(WORK ORDER): Return each record word for word and omit the pictures.

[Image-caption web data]
____________________

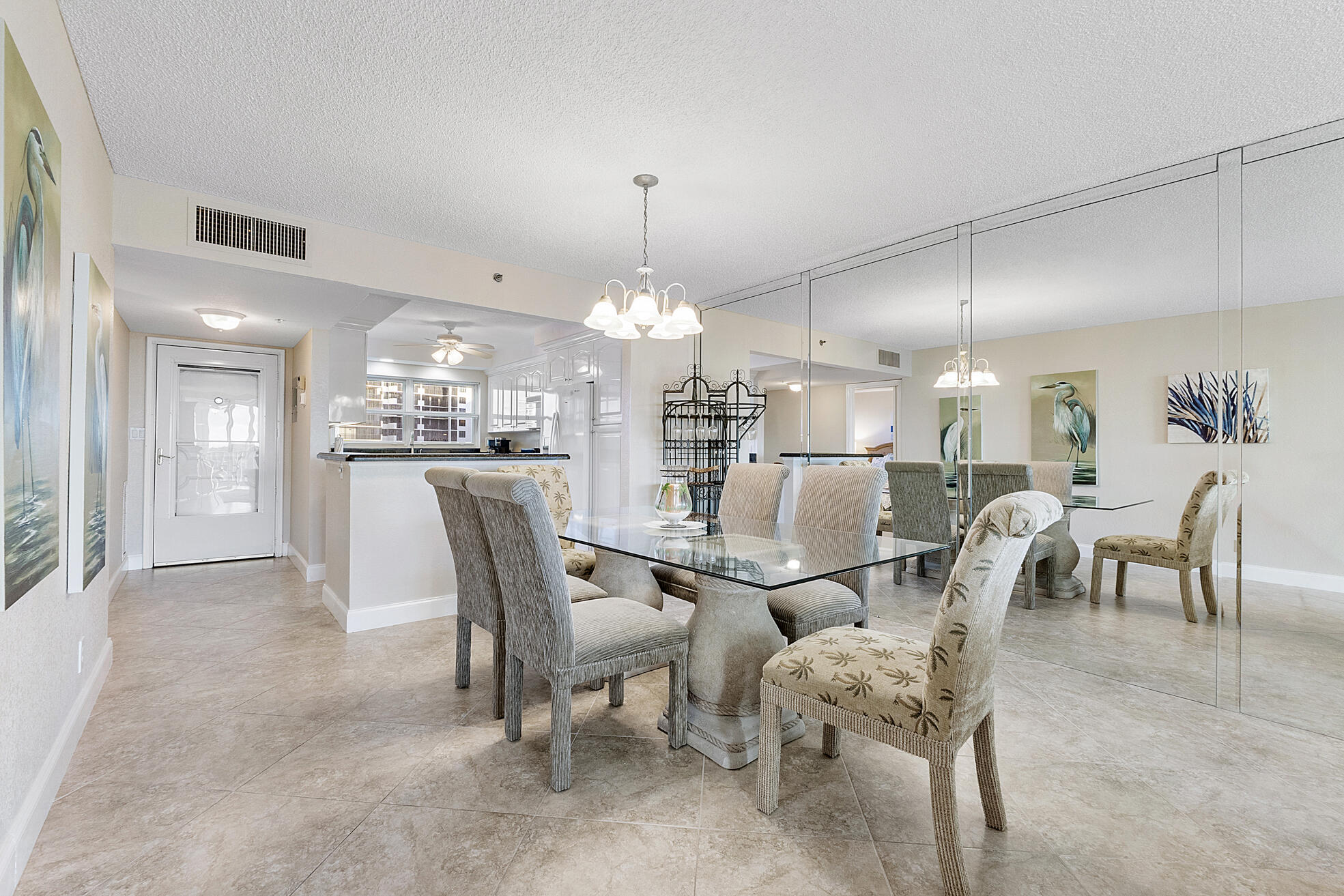 3310 South Ocean Boulevard, Unit 629D Highland Beach, FL 33487 - Photo 8 of 35 a large kitchen with a table and chairs
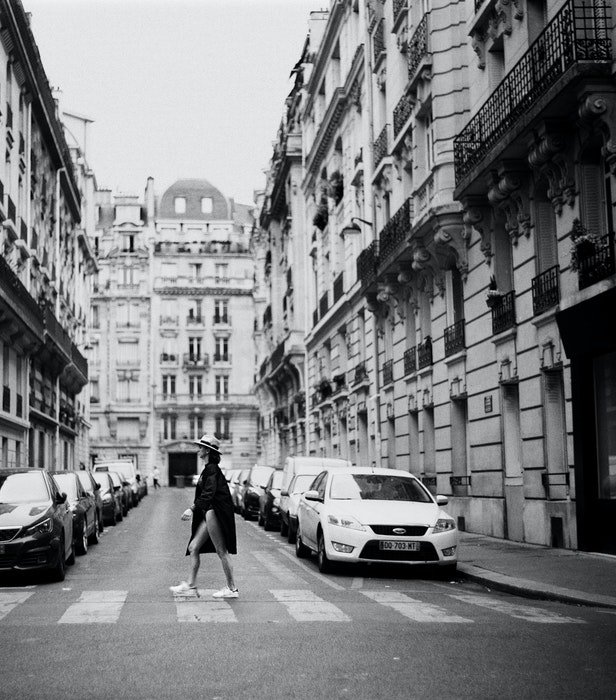 Черно-белая фотография девушки, переходящей улицу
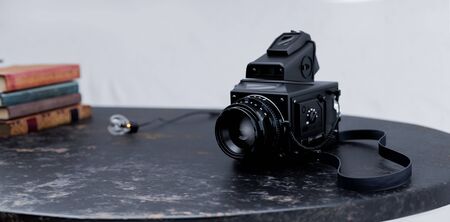 Retro photo camera on table. Creative 3D concept. Vintage style background.の写真素材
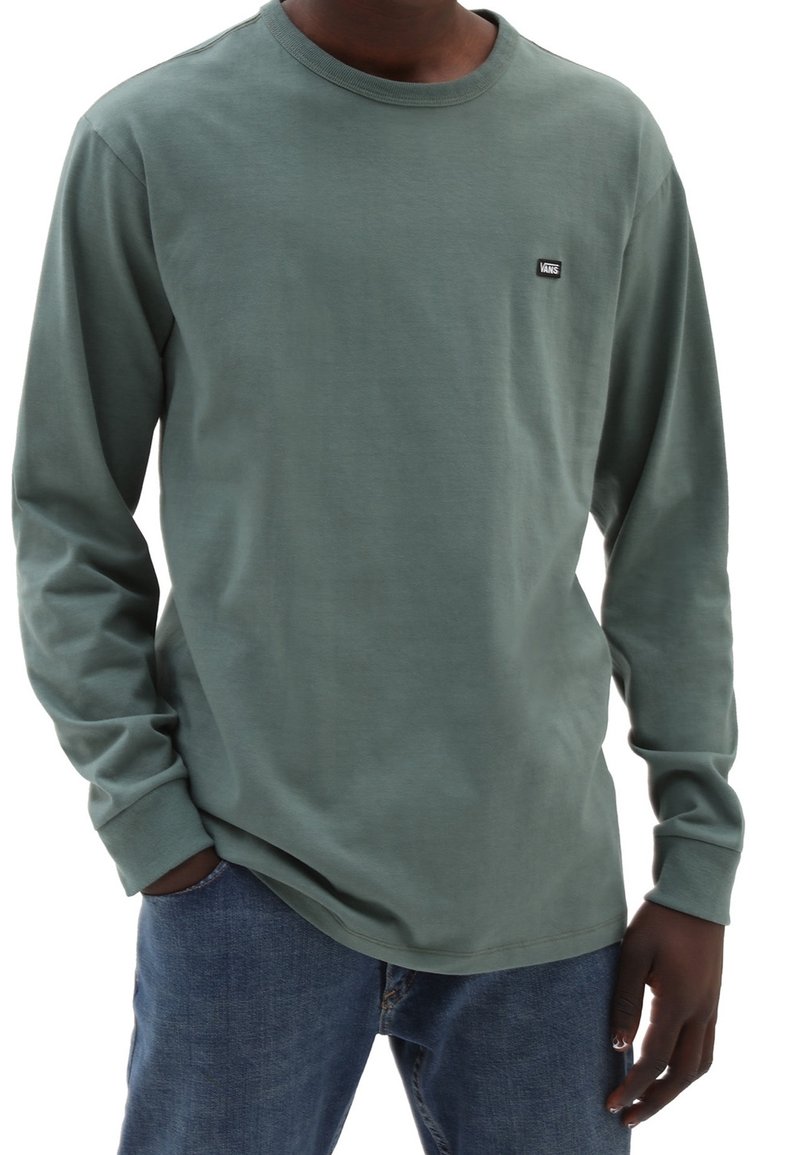 Mann trägt ein grünes Langarmshirt von Vans mit blauen Jeans, eine Hand in der Tasche und die andere entspannt an seiner Seite.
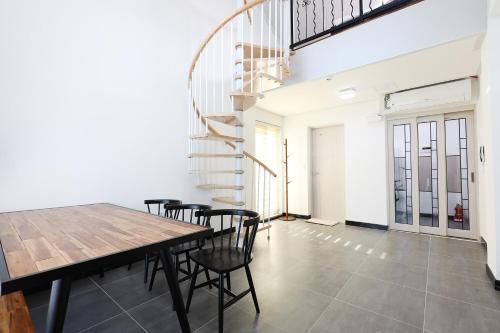 a dining room with a table and chairs and a spiral staircase at Samcheok santiago pension in Samcheok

____________________

(WRITTEN REPLY):
 3310 South Ocean Boulevard, Unit 629D Highland Beach, FL 33487 - Photo 8 of 35 a large kitchen with a table and chairs
 Черно-белая фотография девушки, переходящей улицу
 Retro photo camera on table. Creative 3D concept. Vintage style background.の写真素材
 Mann trägt ein grünes Langarmshirt von Vans mit blauen Jeans, eine Hand in der Tasche und die andere entspannt an seiner Seite.
 a dining room with a table and chairs and a spiral staircase at Samcheok santiago pension in Samcheok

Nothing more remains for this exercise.